We absolutely loved Newcastle Olympic Football Club director Kosta Patsan's testimony at a Senate inquiry in Canberra into the so-called sports rorts scandal.
We listened to Kosta's testimony live online and reported on it for the Newcastle Herald's news section last week.
Kosta gave the politicians and bureaucrats in Canberra a big serve for rejecting his soccer club's application for a $500,000 grant.
The club applied for the grant to help fund a new grandstand and dressing sheds at Darling Street Oval in Hamilton South.
The club met the criteria and put its application in on time. Other clubs that didn't meet the criteria and put their applications in late did get funded in a shocking and widely publicised case of pork barrelling.
Kosta didn't pull any punches. He told the inquiry straight what he thought of the Morrison government's handling of the matter and the dodgy way it divvied up $100 million in sports infrastructure funding.
"Our grandstand - essentially it's not a grandstand - it's five levels of metal tiered seating with a roof that was built by volunteers over 30 years ago," he said.
He also made us laugh out loud when he asked why the government hadn't fixed the problem it created by finding some extra funding to give to the clubs that were dudded.
"Surely the cost of running this inquiry would be close to what that extra funding round is," he said.
It was pure gold when he said, "As a taxpayer, I expect you to spend my money better". He described Parliament as a "citadel of waste". If the sports minister could simply hand out grants in whatever way she liked, Australia may as well be a "banana republic".

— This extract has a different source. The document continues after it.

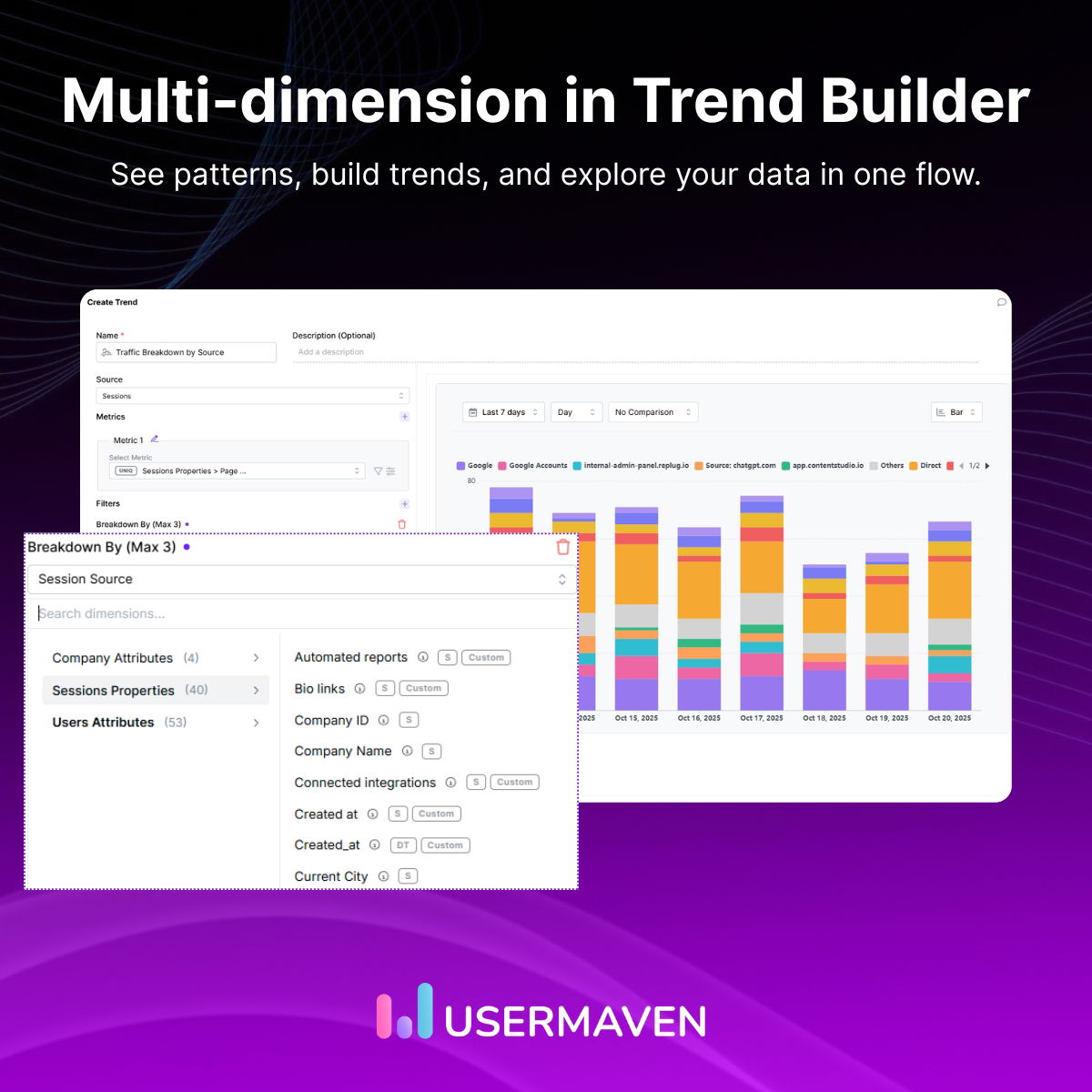 Usermaven Changelog [Oct 20, 2025] 1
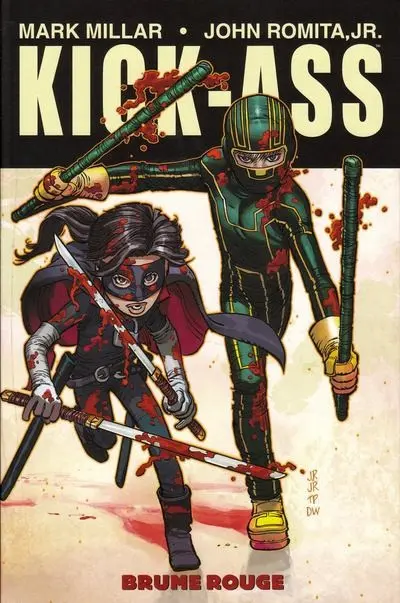Couverture de l'album Kick-Ass Tome 2 Brume rouge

"That's how it looks outside of these cloistered confines in the real world," he said.
"We live in the real world."
He spoke about how Newcastle Olympic had "always been grassroots-funded, essentially by the local Greek community".
"We make a lot of schnitzels and sell a lot of cans of drink. We raise all of our money ourselves," he said.
"That small grandstand and little shed we have was purely built by volunteers, local concreters and guys welding steel together."
He spoke about all the hours that volunteers put in to keep the club running.
He said the club's ambition was "simply to have more people playing football".
"We measure ourselves on having as many people playing football in Olympic colours as possible.
"We love seeing kids play football."
He added that the club now had popular women's teams. New dressing rooms were badly needed, so males and females could have their own areas to get changed.
His club had been selected as a training venue for the Women's World Cup in 2023.
"Goodness knows what FIFA will do when they come and see the state of this grandstand," he said.
Kosta, you're our hero.
We wrote last week about Bob Skelton's bush lemons on his Minmi property. Bob had mentioned that the bush lemons probably weren't native.
In response, reader Sam said bush lemons probably shouldn't be considered native "anywhere in the world".
He referred us to horticultural research looking at the origins of cultivated citrus. It found that lemon was "derived from citron and sour orange".
So the creation of lemon was kind of aided by orange. That sounds like lemon-aid to us.